Apesar da pandemia, o CICV continua fornecendo alimentos às comunidades que enfrentam conflitos e violência na África, bem como trabalhando com as Sociedades Nacionais da Cruz Vermelha e do Crescente Vermelho e com clínicas e centros de saúde locais para tratar a desnutrição moderada e grave.
Soluções em curso
Cada vez mais os produtores, indústria, governos e cientistas se unem para elaborar soluções que possam permitir o aumento da produção global de alimentos de forma mais sustentável. Podemos citar melhorias nas práticas de manejo, estudos para aumento sustentável de produtividade no campo, implementação de novas tecnologias agrárias e, também, o desenvolvimento de novas fontes de proteína. Nesse sentido, o fortalecimento da indústria de proteínas alternativas é um dos caminhos necessários para o futuro da alimentação no mundo.
Essa indústria não tem o objetivo de atender apenas uma demanda de nicho do mercado vegetariano.

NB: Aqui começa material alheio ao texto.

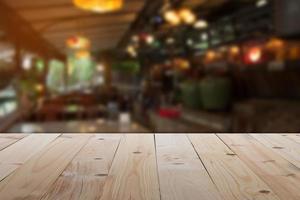 tavolo vuoto di fronte a una caffetteria sfocata o a un ristorante caffetteria con sfondo astratto pronto per creare un'esposizione di prodotti di montaggio o progettare un banner o una panoramica del layout visivo chiave foto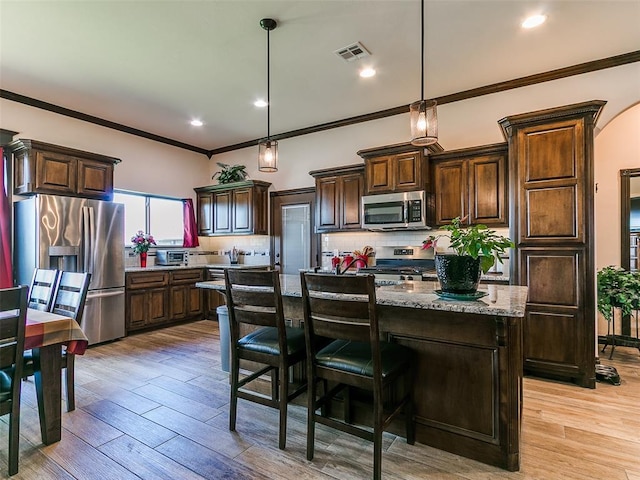 3424 Lakeside Dr, Moore, OK 73160 - kitchen featuring appliances with stainless steel finishes, dark brown cabinets, decorative backsplash, a kitchen island with sink, and ornamental molding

A meta é entregar alimentos que possam ser consumidos por todas as pessoas, com as características de sabor, aroma e textura daqueles que são consumidos em larga escala. “Os substitutos vegetais análogos à carne ou mesmo a tecnologia de carne cultivada a partir de células são bons exemplos desse esforço: o objetivo é permitir que as pessoas continuem comendo o que gostam, mas com uma nova tecnologia.”, explica a diretora de Ciência e Tecnologia do GFI Brasil, Katherine de Matos.
Um estudo realizado pela Beyond Meat em parceria com a Universidade de Michigan afirmou que, em comparação com a produção de um bife animal, a carne vegetal emite 90% menos gases de efeito estufa, 99% menos água, 93% menos terra e 46% menos energia. Além disso, pode trazer inúmeros benefícios econômicos, incluindo a geração de renda. De acordo com o Fórum Econômico Mundial, ainda que a substituição de dietas baseadas em carnes, aves, peixes e produtos lácteos possa levar a cerca de 4,3 milhões de perdas de empregos na região até 2030, a adoção de alimentos vegetais cultivados com métodos agrícolas sustentáveis pode gerar 19 milhões de novas oportunidades de trabalho.
Nessa lógica, o Brasil pode assumir uma posição de liderança global. “Temos tudo o que é necessário para o bom desenvolvimento do setor: um agronegócio forte, estrutura logística para distribuição global de produtos, clima favorável à produção e um enorme capital intelectual ligado à produção de alimentos”, afirma o diretor executivo do GFI Brasil, Gustavo Guadagnini.